**Task instructions**:
The response should consist of the records, reproduced exactly.

[Web page caption snippets]
■ ■ ■ ■

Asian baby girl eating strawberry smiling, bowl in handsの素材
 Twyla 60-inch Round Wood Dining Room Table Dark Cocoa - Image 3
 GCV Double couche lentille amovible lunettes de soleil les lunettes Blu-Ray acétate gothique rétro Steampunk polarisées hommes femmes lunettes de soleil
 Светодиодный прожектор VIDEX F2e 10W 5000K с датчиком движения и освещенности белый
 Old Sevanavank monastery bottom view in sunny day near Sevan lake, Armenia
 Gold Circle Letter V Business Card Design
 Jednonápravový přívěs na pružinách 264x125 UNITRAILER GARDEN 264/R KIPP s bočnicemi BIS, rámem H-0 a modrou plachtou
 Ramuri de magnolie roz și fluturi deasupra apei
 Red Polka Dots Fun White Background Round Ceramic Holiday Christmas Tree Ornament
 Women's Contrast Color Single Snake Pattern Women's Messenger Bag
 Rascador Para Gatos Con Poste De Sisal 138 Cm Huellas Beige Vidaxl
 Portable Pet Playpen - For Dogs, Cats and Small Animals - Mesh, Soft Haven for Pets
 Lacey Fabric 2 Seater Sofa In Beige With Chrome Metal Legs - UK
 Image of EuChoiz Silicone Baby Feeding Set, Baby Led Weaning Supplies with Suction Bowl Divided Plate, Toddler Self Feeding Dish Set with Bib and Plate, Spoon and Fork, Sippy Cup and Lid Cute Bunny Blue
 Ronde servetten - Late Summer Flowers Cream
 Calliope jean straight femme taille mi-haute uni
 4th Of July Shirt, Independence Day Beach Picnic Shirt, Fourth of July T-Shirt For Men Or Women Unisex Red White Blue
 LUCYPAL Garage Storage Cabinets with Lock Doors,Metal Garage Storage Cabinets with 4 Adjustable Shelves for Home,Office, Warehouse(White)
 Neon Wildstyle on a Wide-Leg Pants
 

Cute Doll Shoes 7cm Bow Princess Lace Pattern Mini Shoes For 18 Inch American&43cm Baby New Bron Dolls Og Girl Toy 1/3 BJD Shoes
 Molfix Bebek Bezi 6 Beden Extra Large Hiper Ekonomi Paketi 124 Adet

■ ■ ■ ■

**Worked solution**:
Asian baby girl eating strawberry smiling, bowl in handsの素材
 Twyla 60-inch Round Wood Dining Room Table Dark Cocoa - Image 3
 GCV Double couche lentille amovible lunettes de soleil les lunettes Blu-Ray acétate gothique rétro Steampunk polarisées hommes femmes lunettes de soleil
 Светодиодный прожектор VIDEX F2e 10W 5000K с датчиком движения и освещенности белый
 Old Sevanavank monastery bottom view in sunny day near Sevan lake, Armenia
 Gold Circle Letter V Business Card Design
 Jednonápravový přívěs na pružinách 264x125 UNITRAILER GARDEN 264/R KIPP s bočnicemi BIS, rámem H-0 a modrou plachtou
 Ramuri de magnolie roz și fluturi deasupra apei
 Red Polka Dots Fun White Background Round Ceramic Holiday Christmas Tree Ornament
 Women's Contrast Color Single Snake Pattern Women's Messenger Bag
 Rascador Para Gatos Con Poste De Sisal 138 Cm Huellas Beige Vidaxl
 Portable Pet Playpen - For Dogs, Cats and Small Animals - Mesh, Soft Haven for Pets
 Lacey Fabric 2 Seater Sofa In Beige With Chrome Metal Legs - UK
 Image of EuChoiz Silicone Baby Feeding Set, Baby Led Weaning Supplies with Suction Bowl Divided Plate, Toddler Self Feeding Dish Set with Bib and Plate, Spoon and Fork, Sippy Cup and Lid Cute Bunny Blue
 Ronde servetten - Late Summer Flowers Cream
 Calliope jean straight femme taille mi-haute uni
 4th Of July Shirt, Independence Day Beach Picnic Shirt, Fourth of July T-Shirt For Men Or Women Unisex Red White Blue
 LUCYPAL Garage Storage Cabinets with Lock Doors,Metal Garage Storage Cabinets with 4 Adjustable Shelves for Home,Office, Warehouse(White)
 Neon Wildstyle on a Wide-Leg Pants
 

Cute Doll Shoes 7cm Bow Princess Lace Pattern Mini Shoes For 18 Inch American&43cm Baby New Bron Dolls Og Girl Toy 1/3 BJD Shoes
 Molfix Bebek Bezi 6 Beden Extra Large Hiper Ekonomi Paketi 124 Adet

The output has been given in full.